[Bug] Cursor cannot persist individual deleted message state when using `managedLedgerPersistIndividualAckAsLongArray=true` and backlog is larger than 30M entries

### Search before reporting

- [x] I searched the [issues](https://github.com/apache/pulsar/issues) and found nothing similar.

### Version

`managedLedgerPersistIndividualAckAsLongArray=true` is the **default since Pulsar 4.1.x**, and is also available
in 3.0.x / 3.3.x / 4.0.x (it was added in patch releases). The long-array format was introduced by
[PR #9292](https://github.com/apache/pulsar/pull/9292).

## Summary

When a subscription accumulates out-of-order acknowledgments (Shared / Key_Shared subscriptions, negative
acknowledgments, delayed delivery, retry/DLQ), the cursor's individually-deleted message ranges are persisted
with the long-array format (`managedLedgerPersistIndividualAckAsLongArray=true`). **That format stores a dense
bit array whose size is proportional to the backlog (the entry-id span the cursor covers), not to the number
of acknowledgment holes.** Because the BookKeeper cursor-ledger path is **not compressed**, the persisted state
reaches the BookKeeper single-entry frame limit (`nettyMaxFrameSizeBytes`, ~5 MB by default) at a backlog of
roughly **30 M entries** — independent of how few ack holes actually exist.
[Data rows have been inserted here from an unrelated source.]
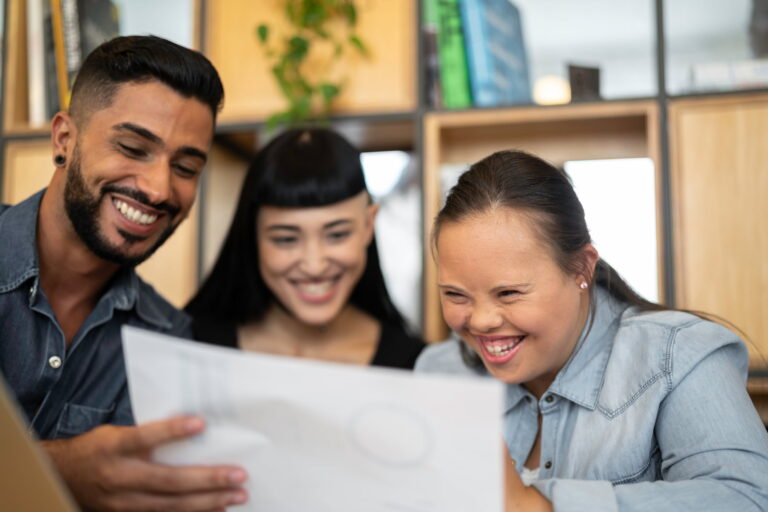 A young woman laughing with two work colleagues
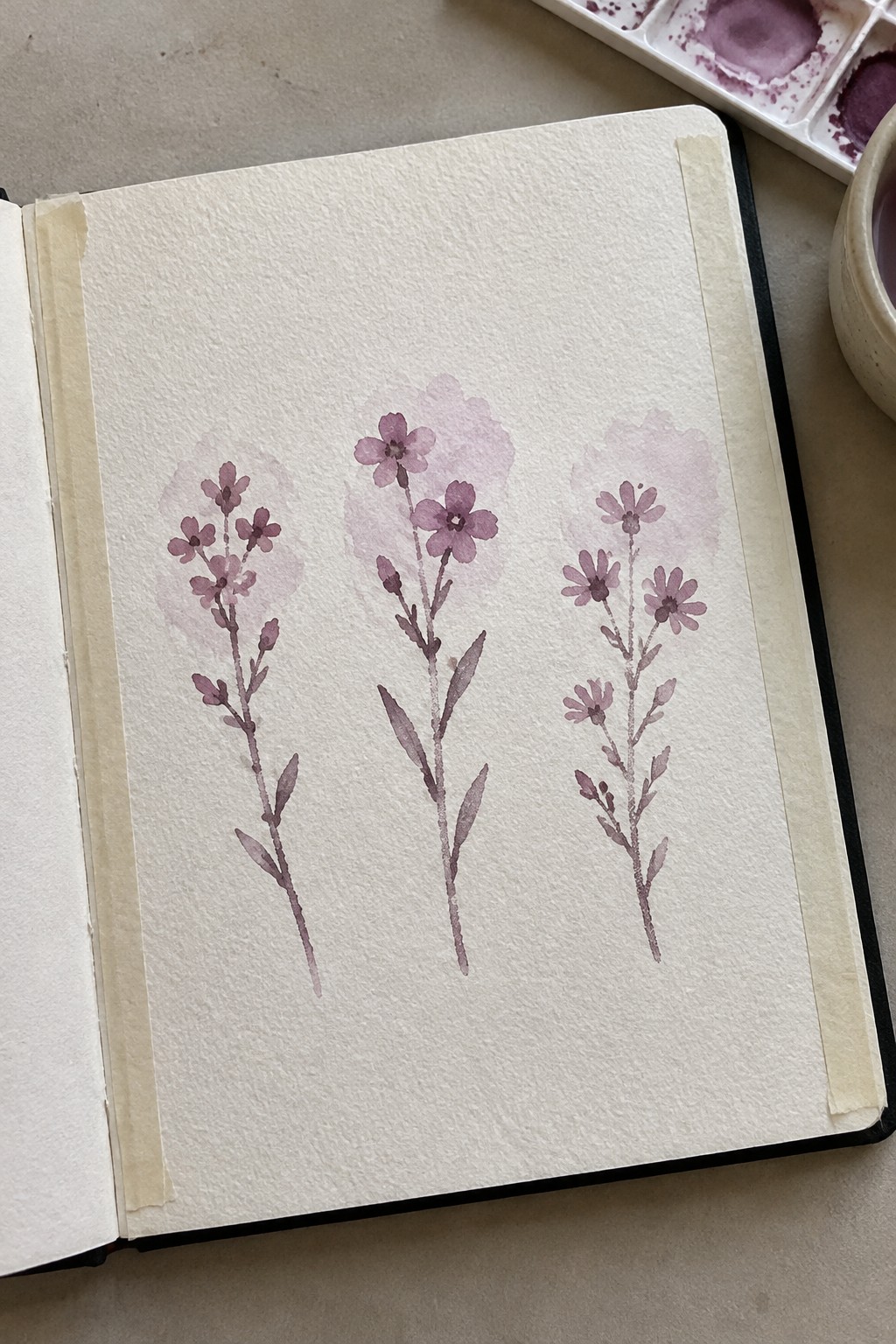 Open sketchbook with three purple watercolor flower paintings and visible paint palette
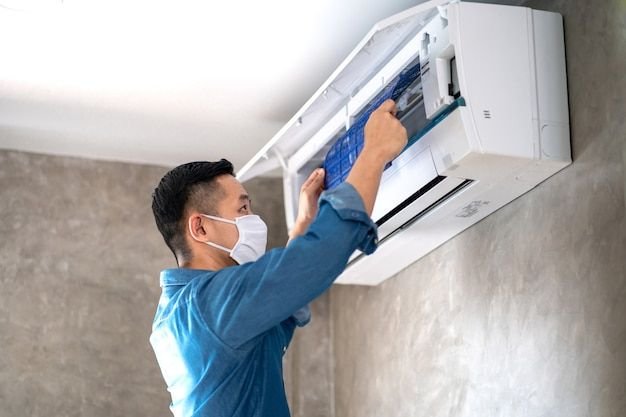 Technician man repairing ,cleaning and maintenance air conditioner Premium Photo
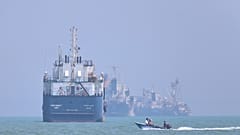 ARCHIV: Ein kleines Motorboot fährt an vor Anker liegenden Schiffen in der Straße von Hormus vor Bandar Abbas vorbei, am elften Juni 2026.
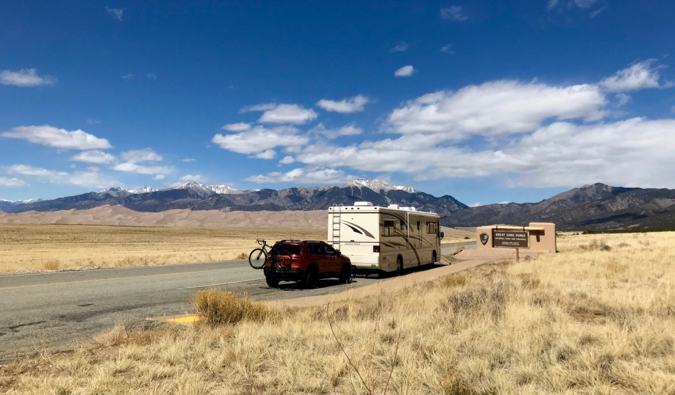 an RV for long-term travel parked on the side of the road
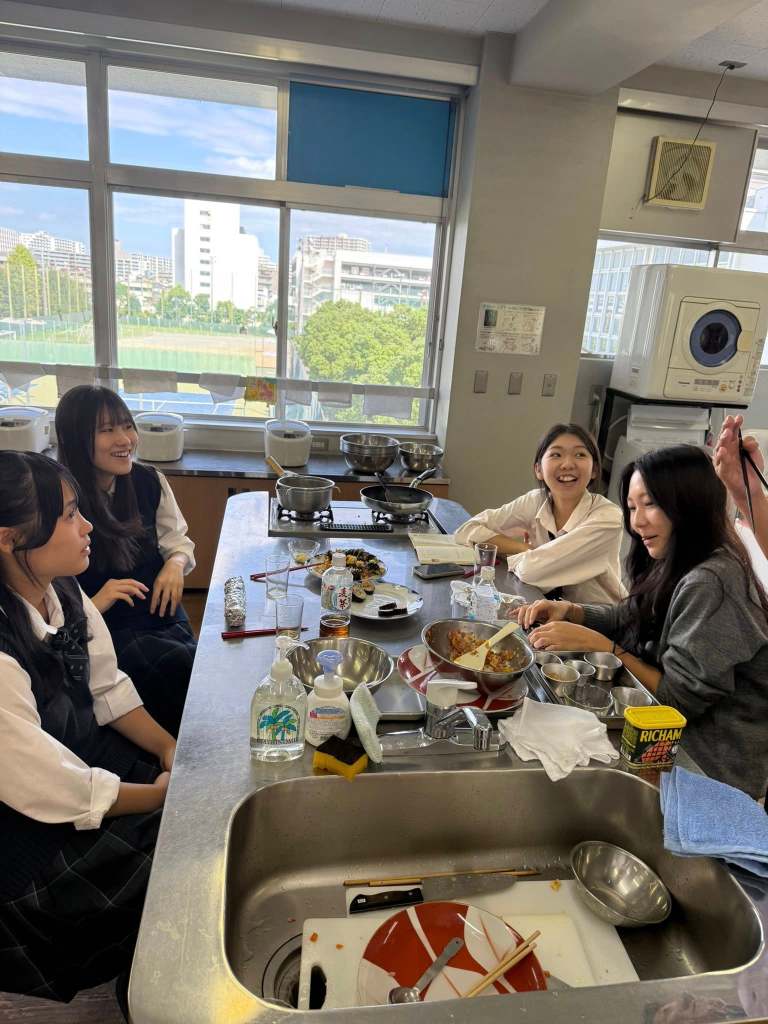 A group of students engaged in a cooking class at a high school in Tokyo, preparing kimbap with various ingredients laid out on a countertop.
Once the state no longer fits, the cursor can no longer persist the individual deleted message state, and that
state is effectively lost on a broker restart or load shedding (topic unload). Any backlog larger than ~30 M
entries — the point where the dense state reaches the ~5 MB limit — is affected. As an example of a bad
scenario, consider a **50 M-entry backlog** in which every message **except the oldest** has been acknowledged:
the oldest message keeps the mark-delete position pinned while ~50 M individual acknowledgments accumulate, the
state cannot be persisted, and after a restart or unload **all ~50 M messages are redelivered to consumers**.

## What happens

`individualDeletedMessages` is held in memory as a RoaringBitmap-backed range set (`OpenLongPairRangeSet` with
`RoaringBitSet`). When `managedLedgerPersistIndividualAckAsLongArray=true`, it is serialized for persistence via
`RoaringBitSet.toLongArray()` into `individualDeletedMessageRanges` (a `repeated LongListMap { int64 key;
repeated int64 values }`, one `LongListMap` per ledger; `ManagedCursorImpl#buildLongPropertiesMap`).

`RoaringBitSet.toLongArray()` follows the `java.util.BitSet.toLongArray()` contract: it returns a **dense**
`long[]` of length `highestSetBit/64 + 1` — i.e. **one 64-bit word for every 64 entry-ids up to the highest
acknowledged entry-id in that ledger, including all-zero interior/leading words**. RoaringBitmap's own compact
serialization (`RoaringBitmap.serialize`, which stores array/bitmap/run *containers*) is bypassed.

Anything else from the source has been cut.